> **ACTIVITY**:
A line below contains "LEGO® Marvel Super", and a later one contains "fitness center". Repeat both, with every line between them, exactly.

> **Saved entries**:
*-*-*

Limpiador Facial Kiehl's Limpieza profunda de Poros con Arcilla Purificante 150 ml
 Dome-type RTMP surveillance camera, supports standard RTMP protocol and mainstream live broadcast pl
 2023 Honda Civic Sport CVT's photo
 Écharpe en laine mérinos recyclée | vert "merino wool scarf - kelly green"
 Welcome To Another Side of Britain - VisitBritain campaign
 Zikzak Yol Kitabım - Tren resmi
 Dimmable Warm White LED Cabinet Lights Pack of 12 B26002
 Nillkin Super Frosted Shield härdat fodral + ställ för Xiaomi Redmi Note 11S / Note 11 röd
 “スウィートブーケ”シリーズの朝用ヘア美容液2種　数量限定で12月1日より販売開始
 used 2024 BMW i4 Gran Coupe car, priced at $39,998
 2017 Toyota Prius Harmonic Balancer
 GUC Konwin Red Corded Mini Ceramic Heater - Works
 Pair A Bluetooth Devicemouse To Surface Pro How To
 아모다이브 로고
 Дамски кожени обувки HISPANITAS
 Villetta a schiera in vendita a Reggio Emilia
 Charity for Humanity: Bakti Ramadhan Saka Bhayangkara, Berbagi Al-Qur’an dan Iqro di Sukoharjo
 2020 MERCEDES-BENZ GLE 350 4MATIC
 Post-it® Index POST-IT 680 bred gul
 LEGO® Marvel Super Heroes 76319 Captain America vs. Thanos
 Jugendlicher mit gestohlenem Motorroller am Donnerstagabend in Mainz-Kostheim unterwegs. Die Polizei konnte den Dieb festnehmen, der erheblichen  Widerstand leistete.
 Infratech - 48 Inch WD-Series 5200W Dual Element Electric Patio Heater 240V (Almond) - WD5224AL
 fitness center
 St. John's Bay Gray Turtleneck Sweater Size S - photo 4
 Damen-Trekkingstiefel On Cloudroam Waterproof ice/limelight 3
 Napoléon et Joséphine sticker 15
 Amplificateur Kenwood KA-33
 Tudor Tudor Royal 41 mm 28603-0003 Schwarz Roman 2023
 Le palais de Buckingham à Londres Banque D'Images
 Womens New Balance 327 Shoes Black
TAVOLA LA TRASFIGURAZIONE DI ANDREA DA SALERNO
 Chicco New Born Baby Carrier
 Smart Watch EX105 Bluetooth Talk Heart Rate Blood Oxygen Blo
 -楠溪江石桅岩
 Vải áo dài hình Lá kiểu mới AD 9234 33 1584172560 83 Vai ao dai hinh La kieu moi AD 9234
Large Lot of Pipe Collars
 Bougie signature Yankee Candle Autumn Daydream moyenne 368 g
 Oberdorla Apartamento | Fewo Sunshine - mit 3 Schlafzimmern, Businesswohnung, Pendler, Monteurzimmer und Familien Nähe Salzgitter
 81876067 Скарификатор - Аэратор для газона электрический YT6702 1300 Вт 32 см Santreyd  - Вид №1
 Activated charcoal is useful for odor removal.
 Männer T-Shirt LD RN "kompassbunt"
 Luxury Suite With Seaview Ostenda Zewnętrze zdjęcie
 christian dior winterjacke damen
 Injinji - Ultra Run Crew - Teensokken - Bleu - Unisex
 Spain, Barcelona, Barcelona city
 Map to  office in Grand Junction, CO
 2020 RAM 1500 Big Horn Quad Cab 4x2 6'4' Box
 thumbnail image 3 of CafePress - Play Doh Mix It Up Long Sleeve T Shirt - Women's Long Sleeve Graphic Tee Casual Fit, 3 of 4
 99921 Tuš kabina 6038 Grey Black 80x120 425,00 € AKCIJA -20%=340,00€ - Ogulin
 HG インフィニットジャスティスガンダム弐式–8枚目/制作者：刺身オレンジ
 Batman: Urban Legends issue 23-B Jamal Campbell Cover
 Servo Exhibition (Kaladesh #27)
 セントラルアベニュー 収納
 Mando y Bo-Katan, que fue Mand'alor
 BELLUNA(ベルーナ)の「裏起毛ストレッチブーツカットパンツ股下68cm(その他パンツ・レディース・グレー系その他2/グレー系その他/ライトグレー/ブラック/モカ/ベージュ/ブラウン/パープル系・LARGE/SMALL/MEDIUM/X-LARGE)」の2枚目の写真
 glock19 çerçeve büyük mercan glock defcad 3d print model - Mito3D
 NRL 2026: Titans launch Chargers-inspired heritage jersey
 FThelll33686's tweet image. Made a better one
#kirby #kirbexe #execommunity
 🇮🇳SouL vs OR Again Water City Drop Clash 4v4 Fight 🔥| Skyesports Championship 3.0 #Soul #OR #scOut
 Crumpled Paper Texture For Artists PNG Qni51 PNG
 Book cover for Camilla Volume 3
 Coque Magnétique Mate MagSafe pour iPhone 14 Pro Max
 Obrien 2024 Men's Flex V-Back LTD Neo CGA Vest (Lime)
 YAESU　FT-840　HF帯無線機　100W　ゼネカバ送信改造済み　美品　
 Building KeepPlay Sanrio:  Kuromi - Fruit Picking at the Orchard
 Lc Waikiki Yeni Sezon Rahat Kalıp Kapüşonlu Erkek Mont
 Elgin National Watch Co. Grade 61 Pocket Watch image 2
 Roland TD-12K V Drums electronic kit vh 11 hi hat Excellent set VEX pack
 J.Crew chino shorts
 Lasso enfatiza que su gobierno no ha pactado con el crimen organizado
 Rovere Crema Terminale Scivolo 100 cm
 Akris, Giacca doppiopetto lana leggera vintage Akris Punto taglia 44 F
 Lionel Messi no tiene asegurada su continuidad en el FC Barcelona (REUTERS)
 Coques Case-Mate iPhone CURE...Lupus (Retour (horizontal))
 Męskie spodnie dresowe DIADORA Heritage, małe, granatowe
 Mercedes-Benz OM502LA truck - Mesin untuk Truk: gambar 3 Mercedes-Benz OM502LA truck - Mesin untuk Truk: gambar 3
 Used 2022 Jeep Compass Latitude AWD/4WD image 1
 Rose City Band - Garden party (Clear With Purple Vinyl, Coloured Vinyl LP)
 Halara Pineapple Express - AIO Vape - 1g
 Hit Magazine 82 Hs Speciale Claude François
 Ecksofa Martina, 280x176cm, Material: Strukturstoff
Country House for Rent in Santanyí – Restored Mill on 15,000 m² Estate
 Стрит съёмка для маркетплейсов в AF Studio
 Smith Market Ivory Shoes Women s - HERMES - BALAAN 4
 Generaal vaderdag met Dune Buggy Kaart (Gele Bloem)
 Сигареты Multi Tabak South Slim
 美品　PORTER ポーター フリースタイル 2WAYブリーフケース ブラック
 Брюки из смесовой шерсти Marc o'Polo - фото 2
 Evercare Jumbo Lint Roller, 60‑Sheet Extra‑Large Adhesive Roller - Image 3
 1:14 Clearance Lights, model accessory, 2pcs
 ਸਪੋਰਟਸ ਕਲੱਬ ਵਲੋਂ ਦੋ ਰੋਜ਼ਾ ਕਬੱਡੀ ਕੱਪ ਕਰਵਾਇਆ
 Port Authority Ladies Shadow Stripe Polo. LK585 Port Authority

*-*-*

> **EXERCISE RESULT**:
 LEGO® Marvel Super Heroes 76319 Captain America vs. Thanos
 Jugendlicher mit gestohlenem Motorroller am Donnerstagabend in Mainz-Kostheim unterwegs. Die Polizei konnte den Dieb festnehmen, der erheblichen  Widerstand leistete.
 Infratech - 48 Inch WD-Series 5200W Dual Element Electric Patio Heater 240V (Almond) - WD5224AL
 fitness center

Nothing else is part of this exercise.